Le Parisien - 6 juillet 2025 - Par Par Marcelo Wesfreid
C’est souvent un parcours du combattant, doublé d’un casse-tête administratif bien français. Pour construire un hôtel sur une friche industrielle ou une nouvelle usine, un entrepreneur doit la plupart du temps taper à une multitude de portes : services de l’urbanisme, archéologie préventive, ministère de la Transition écologique, architectes des Bâtiments de France, fisc, etc. Avec des interlocuteurs qui ont tous des exigences différentes. De quoi parfois décourager les plus enthousiastes.Pour y remédier, François Bayrou entend remettre à plat cet empilement chaotique de structures. Ce mardi 8 juillet, il réunit à la préfecture de Chartres (Eure-et-Loir) tous les préfets afin de leur présenter la révolution qu’il appelle de ses vœux.

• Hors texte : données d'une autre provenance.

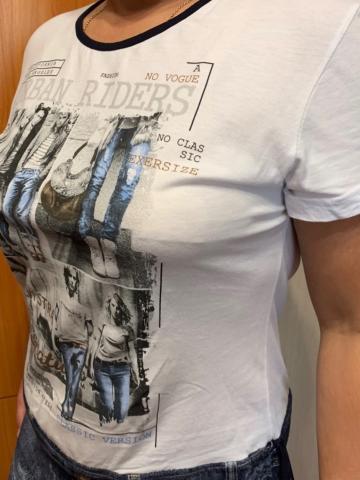 Алёна фото 22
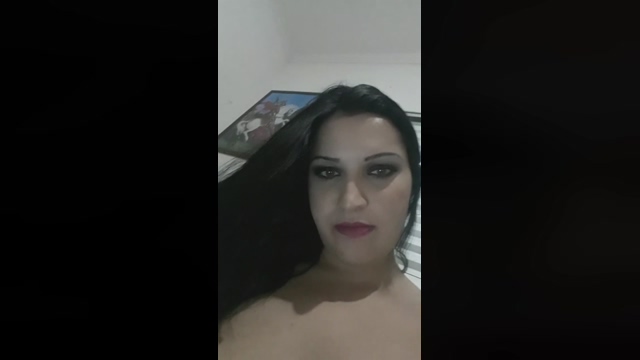 caveira6664 14-03-2022 fuck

« Je vais annoncer une réorganisation complète de l’État, localement, autour des préfets, explique le Premier ministre auprès de notre journal. Car le système actuel avec son éclatement d’institutions, d’administrations et d’agences indépendantes les unes des autres est très cher et inefficace. Personne ne s’y retrouve. »« On va faire en sorte qu’il y ait un responsable, qui commande »
Pour cela, François Bayrou doit procéder à la révision du décret de 2004 qui fait du préfet le représentant de l’État dans les départements et fixe son champ d’action. Le choix de Chartres n’est pas anodin. C’est là qu’exerçait Jean Moulin, figure la plus glorieuse du corps préfectoral. Le résistant y fut torturé en 1940 pour avoir refusé de signer un protocole rédigé par les Allemands. Le Premier ministre présidera une cérémonie en son honneur.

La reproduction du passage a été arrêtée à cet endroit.